Dataset extract:
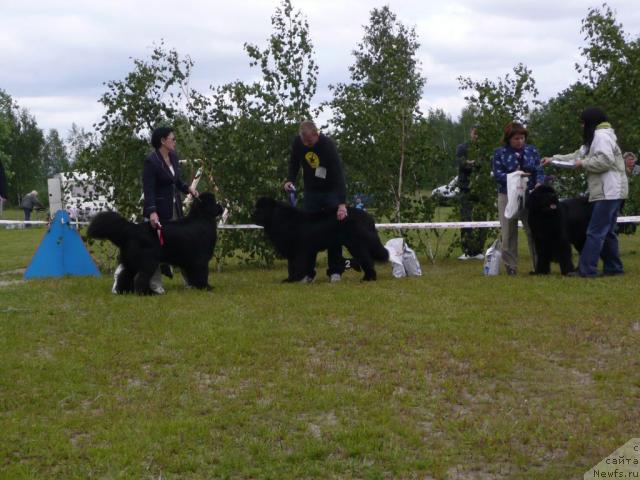 Фотография № 28530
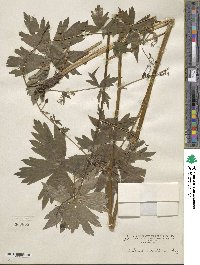 Aconitum reclinatum image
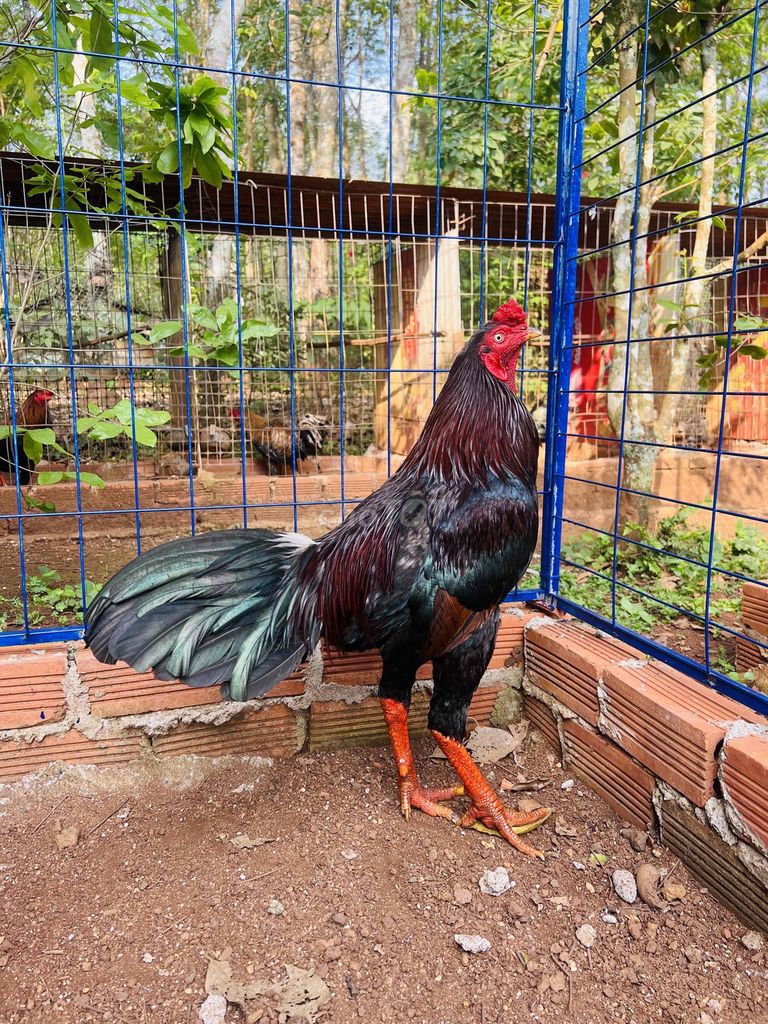 Gà chọi 3.3kg Đen Đỏ Đực. Mua bán Gà tại Thị xã Bình Long Bình Phước được đăng bởi Hạo Bình Phước hình 1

Directions for this task: Once the line containing "Aconitum reclinatum image" is found, transcribe it and the rest of the lines to the end of the listing above exactly, omitting all pictures.

Exercise response:
 Aconitum reclinatum image
 Gà chọi 3.3kg Đen Đỏ Đực. Mua bán Gà tại Thị xã Bình Long Bình Phước được đăng bởi Hạo Bình Phước hình 1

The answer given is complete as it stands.